To evolve and stay relevant, CFOs and CIOs must contemplate the broad variety of new billing and revenue recognition models. A challenge that the business and IT sides of the house will face is that the ERP software that underpins their businesses is often designed to sell products that people own, not outcomes that consumers want to pay for. (Uber might be seen as a transportation outcome company, for example.)
As we look into 2020, what are the triggers that will drive change? I see three important trends: billing automation, revenue recognition complexity and pressure on ERP vendors.
1. Icebergs lie ahead for companies that have not automated billing.
As enterprises gear up to tackle recurring billing, they should focus on automating their billing processes. This is essential in order to keep up with the accelerating pace of billing speed, scale and compliance. in today's market. Just as other parts of enterprises have adopted advanced tech to augment processes, technology can assist humans with the validation of billing and invoicing.
Surprisingly, I continue to see old-school processes such as human review and validation of invoices prior to sending them out. CFOs should consider automating invoice generation, and once that's done, they should consider automating the process of review and validation.
2. Revenue recognition will become more complex due to a wider array of subscription-based services.
One of the most compelling elements of subscription billing is that pretty much anything can be defined as a basis for an invoice. Companies increasingly need flexibility in order to create new pricing mechanisms to build and retain their competitive advantage. In particular, usage-based billing is increasing.
In 2020, CFOs should think about how they will handle things like event-based pricing, and potentially prepare for multidimensional pricing mechanisms (i.e., the pricing of a product or service using multiple factors). In this practice, price no longer consists of a single monetary amount (e.g., the sticker price of a car), but rather consists of various dimensions such as monthly payments, the number of payments and a downpayment. There are some important drivers of this increasing complexity: IoT signals (which entails exponentially more data points) and the competitive pressure to "productize" new ideas into services.
3. The pressure to solve XaaS problems will increase.
The pace of innovation in the conception of new products and services is accelerating rapidly. As businesses embrace the trend and transition from selling things to selling services, they may realize their ERP system cannot accommodate the new business model because these systems are typically designed to capture "things" (i.e., a product and maybe a service contract).
Many large ERP vendors recognize that there are critical gaps in legacy billing capabilities and will move to solve these XaaS requirements. This also applies to the vendors of specialized billing software — they, too, are struggling to keep up with big data and analytics requirements of the expanding service economy. These vendors will experience increasing pressure from customers interested in digitally transforming their billing processes.
How can the C-suite prepare for the XaaS wave?
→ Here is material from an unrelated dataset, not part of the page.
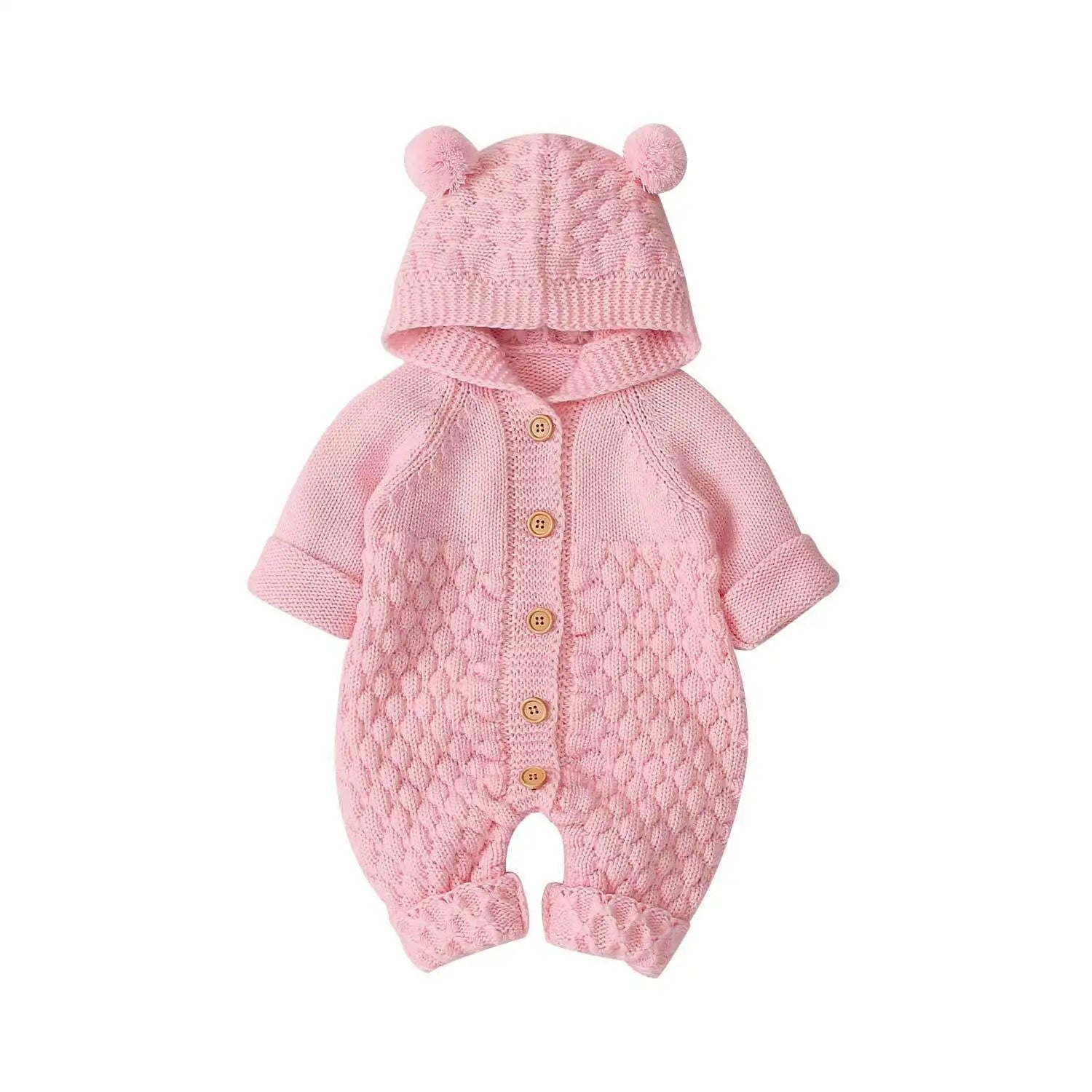 Citgeett Autumn Winter Newborn Baby Boys Girls Ear Knit Romper Hooded Wool Sweater Jumpsuit Warm Cute Outfit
CFOs at many companies are realizing that XaaS revenue recognition and billing capabilities are now crucial business drivers. This means that digital transformation, which has already touched so many other corporate functions, is now looming over the revenue department as it responds to this need. For CIOs, this will mandate the addition of new capabilities to their current ERP system and the need to embrace software solutions that can support both legacy systems and power the new business models of this decade.